There are around 30 different experiments taking place in the laboratory's three halls, researching many different areas of physics. These include:
Neutrino astronomy - Neutrinos are tiny particles which hardly ever interact with atoms, so they usually pass straight through the bulk of Gran Sasso and carry on straight through the Earth. However, their interaction rate is not zero... just very small, so it is possible to detect them; and several experiments in the laboratory do this. Neutrinos are produced by the sun. A big mystery in particle-astrophysics is why these neutrino observatories have, so far, only detected a third of the number predicted. One theory is that neutrinos can change from one type of neutrino to another when moving over long distances. But the current experiments detect only one type of neutrino. There are experiments running to test this hypothesis. Recent results from the Sudbury Neutrino Observatory, located in a nickel mine near Sudbury, Ontario, Canada, provide strong evidence for this theory.
Dark matter - One thing astronomers are pretty sure about, is that they can only see a small fraction of the total mass of the Universe. The remainder is made up of invisible dark matter. It is believed that at least a large percentage of this dark matter consists of exotic particles, which are very heavy. But, like neutrinos, they hardly ever hit an ordinary atom. Unlike neutrinos, however, these particles have not yet been directly detected. There are a few experiments in Gran Sasso trying to do this.
Double beta decay - Beta decay is when a neutron in an atom changes to a proton and emits an electron. Double beta decay is when this happens to two neutrons in the same atom simultaneously. This is an extremely rare event. Studying exactly how it happens could tell us a lot about the fundamental processes governing how particles interact. So, many Gran Sasso scientists are interested in this.

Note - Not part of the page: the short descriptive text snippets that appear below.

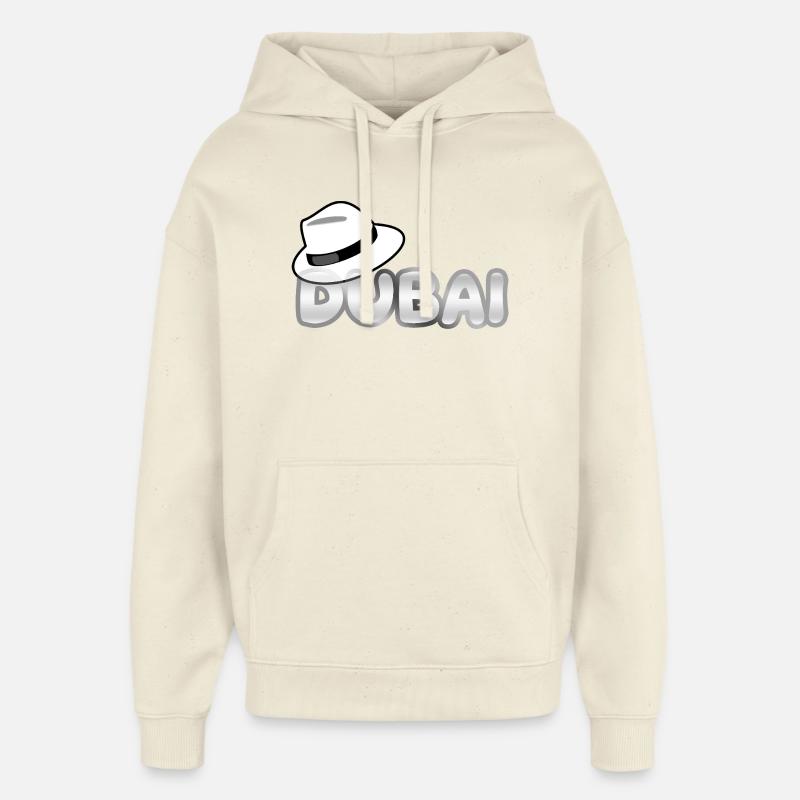 Style de Dubaï avec Fedora - Sweat à capuche unisexe Stanley/Stella Oversized - écru doux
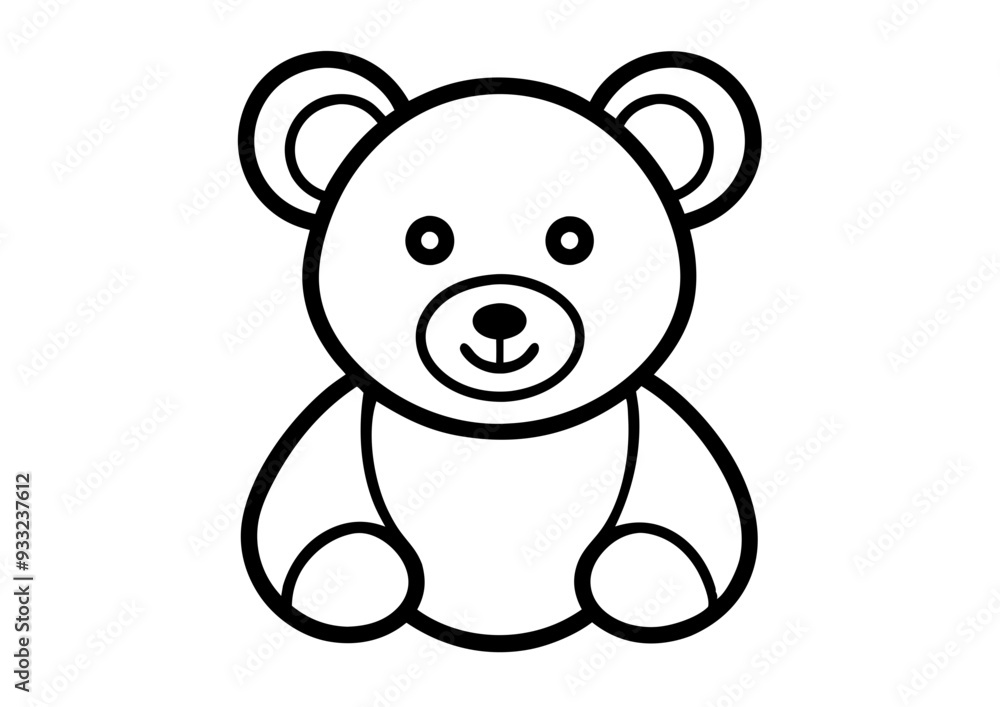 Beautiful teddy bear outline Beautiful teddy bear outline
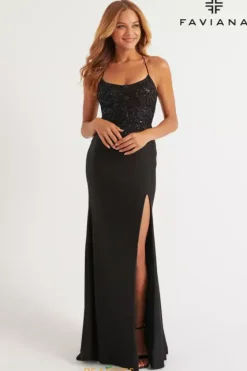 Fitted|Long Dresses^Faviana 11264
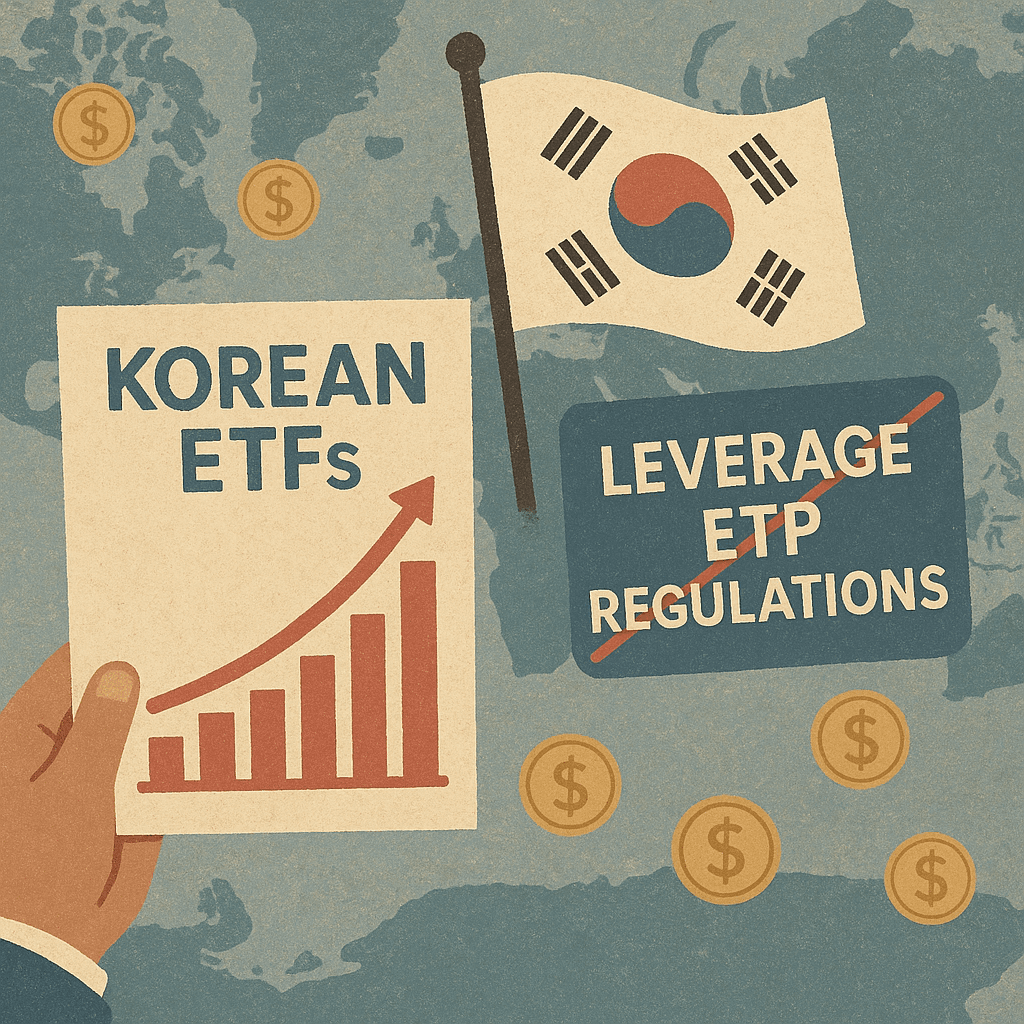 해외 시장에서 한국 ETF 인기 급증 및 레버리지 ETP 투자규제 강화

CERN neutrinos to Gran Sasso - This is a project currently being constructed. The idea is to generate a beam of neutrinos at CERN, the European Laboratory for Physics in Geneva, Switzerland2, and send this beam straight through the Earth to Gran Sasso, where a small number of them will be detected. This experiment will allow scientists to test the changing neutrino hypothesis and study these particles in more detail.
It is possible to join a tour of the laboratory (in Italian). However, unless you have a great love of underground halls full of machinery, there's not a great deal to interest the average tourist.
Working in the laboratory can be a frustrating experience, because you're staying in a beautiful, remote region, with some of the best hiking trails and ski slopes in Italy... and you spend all day working inside a motorway tunnel.